William Demant may buy troubled HearUSA

David Kirkwood
May 24, 2011

WEST PALM BEACH, FL—The fate of HearUSA, one of the nation’s largest and oldest networks of audiology practices, remained up in the air this week following the West Palm Beach-based company’s voluntary filing under Chapter 11 of the US Bankruptcy Code.

Acting under section 363 of the Bankruptcy Code, HearUSA announced on May 16 that it had named William Demant as “stalking horse” bidder. That means that the Danish parent company of Oticon, Maico, Bernafon, and Interacoustics, will be able to make the first bid for HearUSA’s assets, which are estimated at $80 million. The contract with Demant requires bankruptcy court approval of auction procedures by June 6 and the completion of the auction by July 18. The hearing for approval of the sale must occur by July 19.

Demant will provide $10 million in financing for the Chapter 11 case. If it turns out to be the buyer, the debt will be assumed as part of the purchase price. However, there is no guarantee that Demant will prevail. There will be a competitive bidding process and another company might outbid Demant to acquire HearUSA.

One possible rival is Siemens Hearing, which owns 14% of HearUSA’s common stock and has been deeply involved with the publicly owned company for many years. In return for a $50 million revolving credit, HearUSA, which owns 134 hearing care centers in 10 states, has been purchasing 90% of its hearing aids from Siemens.

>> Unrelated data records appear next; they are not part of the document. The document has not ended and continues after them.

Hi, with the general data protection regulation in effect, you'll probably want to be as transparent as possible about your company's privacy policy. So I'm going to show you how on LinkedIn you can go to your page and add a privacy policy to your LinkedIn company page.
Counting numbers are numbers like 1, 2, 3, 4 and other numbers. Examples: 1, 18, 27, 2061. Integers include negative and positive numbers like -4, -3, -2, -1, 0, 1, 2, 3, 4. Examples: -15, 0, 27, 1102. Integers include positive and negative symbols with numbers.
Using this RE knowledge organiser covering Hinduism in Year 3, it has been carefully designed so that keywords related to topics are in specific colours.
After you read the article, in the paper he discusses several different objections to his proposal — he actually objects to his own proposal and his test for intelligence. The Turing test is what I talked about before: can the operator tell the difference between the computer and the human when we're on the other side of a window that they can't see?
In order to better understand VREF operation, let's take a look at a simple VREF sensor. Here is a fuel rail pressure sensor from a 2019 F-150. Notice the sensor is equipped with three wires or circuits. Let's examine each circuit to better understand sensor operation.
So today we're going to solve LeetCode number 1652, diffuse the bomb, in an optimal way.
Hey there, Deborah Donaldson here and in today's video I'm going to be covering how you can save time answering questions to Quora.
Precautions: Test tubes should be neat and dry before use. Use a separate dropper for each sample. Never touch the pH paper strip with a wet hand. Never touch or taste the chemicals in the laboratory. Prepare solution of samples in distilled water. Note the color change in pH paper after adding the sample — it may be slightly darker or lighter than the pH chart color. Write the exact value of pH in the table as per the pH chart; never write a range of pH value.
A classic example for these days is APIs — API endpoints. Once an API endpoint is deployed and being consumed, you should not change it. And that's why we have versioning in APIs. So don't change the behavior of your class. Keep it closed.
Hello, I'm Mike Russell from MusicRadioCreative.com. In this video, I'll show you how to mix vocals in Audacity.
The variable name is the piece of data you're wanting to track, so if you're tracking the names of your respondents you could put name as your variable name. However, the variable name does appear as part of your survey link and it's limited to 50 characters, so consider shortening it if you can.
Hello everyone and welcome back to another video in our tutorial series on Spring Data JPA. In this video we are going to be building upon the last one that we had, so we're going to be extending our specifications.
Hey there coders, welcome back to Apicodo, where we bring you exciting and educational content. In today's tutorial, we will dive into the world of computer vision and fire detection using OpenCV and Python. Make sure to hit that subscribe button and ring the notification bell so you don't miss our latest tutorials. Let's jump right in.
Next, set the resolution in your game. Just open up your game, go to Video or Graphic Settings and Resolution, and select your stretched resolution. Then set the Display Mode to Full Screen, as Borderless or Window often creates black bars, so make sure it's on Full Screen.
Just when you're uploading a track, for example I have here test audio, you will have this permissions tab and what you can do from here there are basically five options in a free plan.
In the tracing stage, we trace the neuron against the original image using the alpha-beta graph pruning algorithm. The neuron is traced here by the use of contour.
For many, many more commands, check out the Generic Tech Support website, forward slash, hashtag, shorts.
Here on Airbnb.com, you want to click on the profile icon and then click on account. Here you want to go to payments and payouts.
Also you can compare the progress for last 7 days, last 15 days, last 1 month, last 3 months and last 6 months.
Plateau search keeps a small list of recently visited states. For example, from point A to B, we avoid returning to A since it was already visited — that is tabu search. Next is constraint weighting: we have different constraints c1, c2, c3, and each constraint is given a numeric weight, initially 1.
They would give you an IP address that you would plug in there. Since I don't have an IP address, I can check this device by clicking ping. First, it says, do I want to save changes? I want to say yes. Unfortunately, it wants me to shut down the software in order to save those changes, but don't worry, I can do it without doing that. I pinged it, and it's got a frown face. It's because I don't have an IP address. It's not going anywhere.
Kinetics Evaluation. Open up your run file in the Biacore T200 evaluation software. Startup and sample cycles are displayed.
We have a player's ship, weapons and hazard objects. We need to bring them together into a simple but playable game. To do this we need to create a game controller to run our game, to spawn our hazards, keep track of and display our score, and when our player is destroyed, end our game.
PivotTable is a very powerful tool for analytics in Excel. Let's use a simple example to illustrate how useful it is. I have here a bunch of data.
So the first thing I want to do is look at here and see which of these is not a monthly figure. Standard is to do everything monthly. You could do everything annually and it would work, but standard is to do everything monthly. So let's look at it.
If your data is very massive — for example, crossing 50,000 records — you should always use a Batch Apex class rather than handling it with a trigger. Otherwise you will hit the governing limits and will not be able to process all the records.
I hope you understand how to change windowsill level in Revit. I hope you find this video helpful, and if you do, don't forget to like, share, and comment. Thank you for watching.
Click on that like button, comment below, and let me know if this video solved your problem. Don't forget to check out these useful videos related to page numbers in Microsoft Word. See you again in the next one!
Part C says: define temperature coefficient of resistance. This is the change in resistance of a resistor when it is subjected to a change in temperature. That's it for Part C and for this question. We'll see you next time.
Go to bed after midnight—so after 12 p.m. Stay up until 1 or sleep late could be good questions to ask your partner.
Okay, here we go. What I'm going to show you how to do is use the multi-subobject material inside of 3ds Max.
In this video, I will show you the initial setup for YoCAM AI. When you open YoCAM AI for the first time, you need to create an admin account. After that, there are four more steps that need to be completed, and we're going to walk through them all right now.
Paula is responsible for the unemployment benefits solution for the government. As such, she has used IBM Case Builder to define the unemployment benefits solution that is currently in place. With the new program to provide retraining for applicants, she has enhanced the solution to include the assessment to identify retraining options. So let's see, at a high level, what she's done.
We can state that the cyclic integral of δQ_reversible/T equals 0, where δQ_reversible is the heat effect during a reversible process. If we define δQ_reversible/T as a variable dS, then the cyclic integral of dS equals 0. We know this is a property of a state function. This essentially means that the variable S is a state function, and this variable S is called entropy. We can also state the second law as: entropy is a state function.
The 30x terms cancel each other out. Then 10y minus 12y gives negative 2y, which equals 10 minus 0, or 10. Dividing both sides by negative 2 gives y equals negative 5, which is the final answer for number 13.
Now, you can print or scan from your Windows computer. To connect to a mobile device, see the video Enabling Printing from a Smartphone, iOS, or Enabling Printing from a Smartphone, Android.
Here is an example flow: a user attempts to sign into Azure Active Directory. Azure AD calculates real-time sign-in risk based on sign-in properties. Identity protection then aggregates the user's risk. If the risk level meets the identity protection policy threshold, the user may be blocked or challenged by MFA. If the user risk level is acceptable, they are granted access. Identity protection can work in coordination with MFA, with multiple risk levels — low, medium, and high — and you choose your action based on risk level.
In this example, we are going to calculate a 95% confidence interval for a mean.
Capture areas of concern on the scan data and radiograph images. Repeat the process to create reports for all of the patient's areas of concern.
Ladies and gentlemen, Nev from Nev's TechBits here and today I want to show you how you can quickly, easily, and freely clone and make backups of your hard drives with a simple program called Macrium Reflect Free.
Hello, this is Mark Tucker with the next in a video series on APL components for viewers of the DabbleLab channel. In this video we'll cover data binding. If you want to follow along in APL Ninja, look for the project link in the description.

According to HearUSA, Siemens precipitated the bankruptcy filing by terminating the credit agreement and demanding immediate payment as the result of a dispute over proceeds from the sale of HearUSA’s Canadian business in 2009. Siemens told HearUSA that it must repay an additional $3.2 million by the end of January 2011.

HearUSA, which contended that it was current on its payments, responded by suing Siemens in New York State Supreme Court.

 

CEO STEPS DOWN

In the wake of HearUSA’s financial woes, Stephen J. Hansbrough has resigned as chairman and CEO, and Gino Chouinard, the president and COO, took over as interim CEO.

Chouinard said, “We believe the financing agreement with William Demant will provide the resources we need to satisfy our obligations to employees, suppliers, and customers, and to meet our obligations under our managed care contracts. We are committed to make this a seamless process for all of our stakeholders.”

In addition, because of its Chapter 11 filing, HearUSA was delisted from the American Stock Exchange. Its final closing price on May 16 was 34 cents, down from an all-time high of $67.50 in 1996.

The company reported a net operating loss of $2.6 million in 2010 on revenues of $83.5 million. In the first quarter of 2011, it reported losing $2.25 million on sales of $14.8 million. The company, which was established in 1986 as HearX, lost money during most of its 25 years.